A little update for a little CMS

I thought it would be a good idea to post an update on where we are with the Pixie auction. Our first listing on Flippa ended without a winner. Rather than give up I have re-listed Pixie one more time to see what the outcome is. The second auction is due to end within the next week.

I also received an invite today for a service called Flattr. Flattr is one of the first services I have seen that addresses micro-payments sensibly. I am extremely interested to see what the implications of such a service are for the open source world. I am going to be testing Flattr right here. If your on board all you have to do is press this button:

I would also be very grateful if anyone had any suggestions for the future of Pixie. I am not overly hopeful that the auction will end successfully. If this is the case then I will be looking for new energy and ideas for the project. If you have any please post them in the comments. I am looking for project management ideas and volunteers rather than feature suggestions.

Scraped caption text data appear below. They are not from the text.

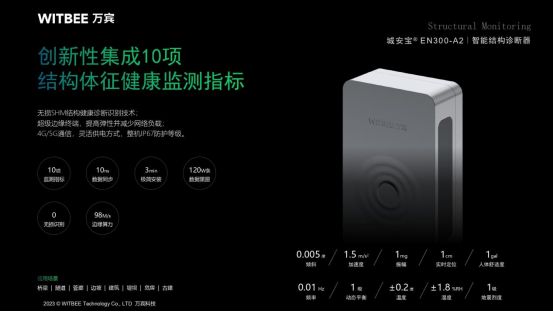 建筑安全運行監測，預防建筑潛在風險(圖4)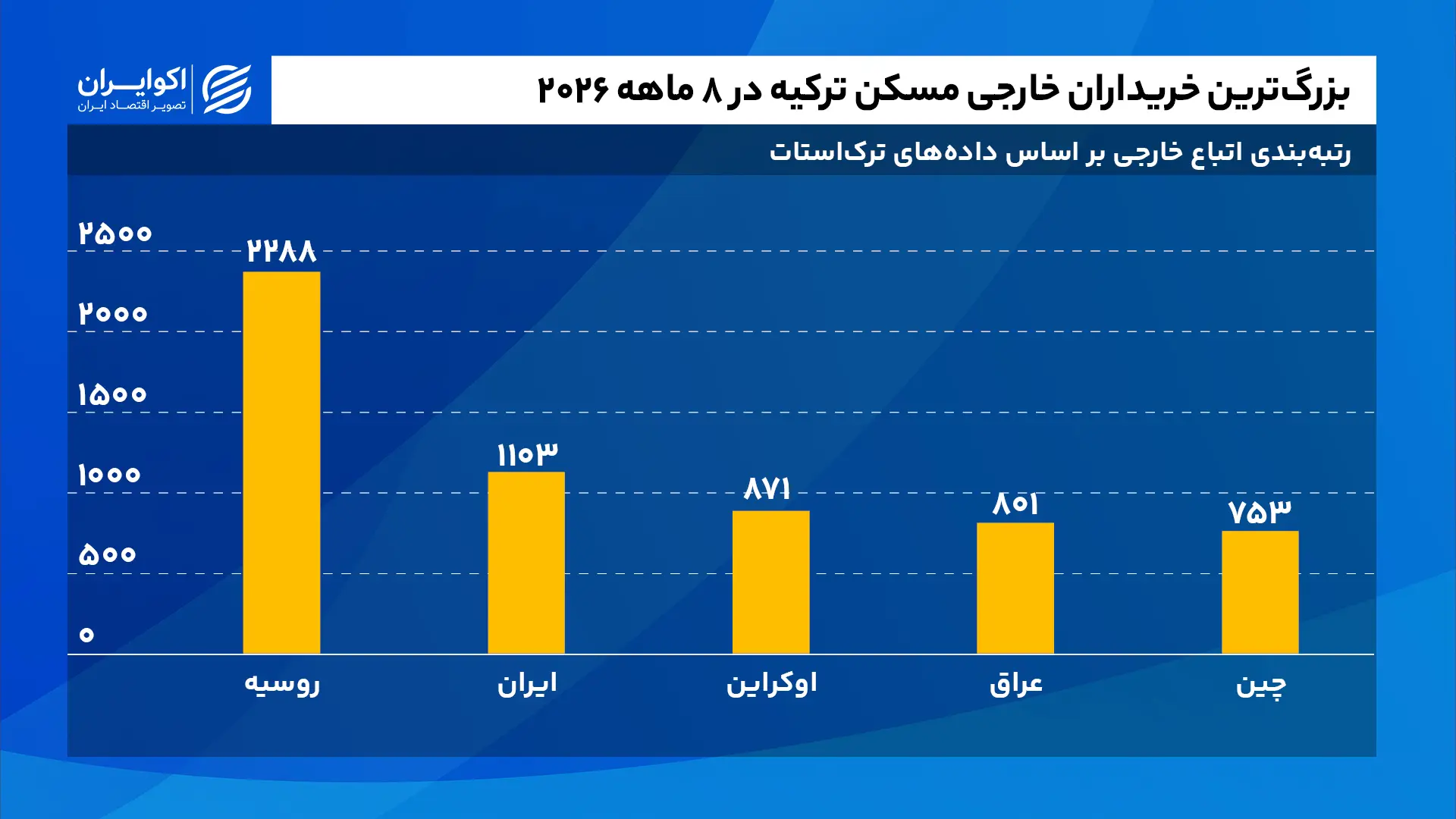 بزرگترین_خریداران_خارجی_مسکن_ترکیه_در_۸_ماهه_سایت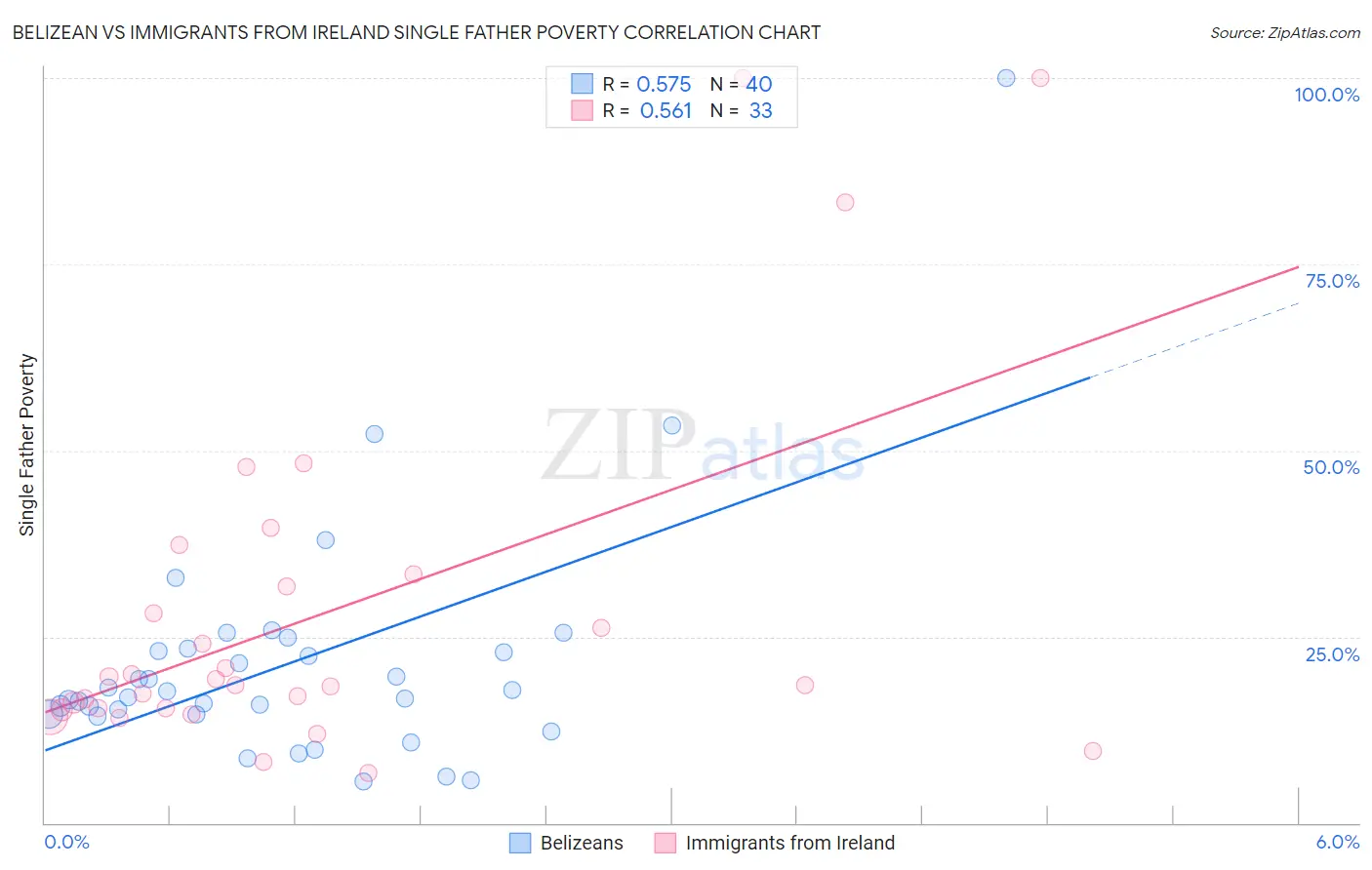 Belizean vs Immigrants from Ireland Single Father Poverty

And finally we are still looking for feedback on the 1.05 beta. You can download and give us feedback on this version of Pixie in the forums.

By Pixie Admin Last updated: 20 September 2010, 11:27

Comments

Gravatar Image #1 Enrique 2723 days ago.

I agree with the thought process that before you add new features, you should step back and review your approach and the way you do things. If the foundation isn't strong, the structure won't last. First off, one person, or even a few people, can't run the show. Eventually, you have to engage the community. And in order to do that you have to trust them and communicate with them. Communication being the most time consuming part is always difficult. Point is you’ll have to trust people to do things for you. It may sound difficult because you may be accustomed to certain standards when you do things at your own. But that’s really how it goes. Secondly, you can't run a project successfully or long enough if you don't have the financial backing for it. And I think the approach that you have taken is the right one, which is to build a commercial entity which provides services related to Pixie. And the development, which is paid by clients, can make its way back to the community. Also, there are other things that open source projects do to raise money or to support development. Having a store is one of them. Publishing a book or technical videos about your product can be another. These are not direct methods so someone who knows what he/she is doing is an ideal candidate for managing the store. Now there are a few things that can really use some attention or a new strategy. a. Forums: I personally hate huge forums i.e. phpBB, IPB, SMF, but they're a necessity if you're serious about building a community. A Google group to me doesn’t really work that well in community development. And that's just my experience. A forum that is within your website can really build trust and engage people for longer periods. b. It may feel odd but you really need to get a little more social media involved. Twitter isn't all the social action you can get. A person who can engage with marketing is always needed. And social media is the new marketing. So if you wish to sustain social media, without burning out, you'll have to trust people to market for you or you don't and it won't hurt but it wouldn't help either. In an open source project, you need all the help you can get.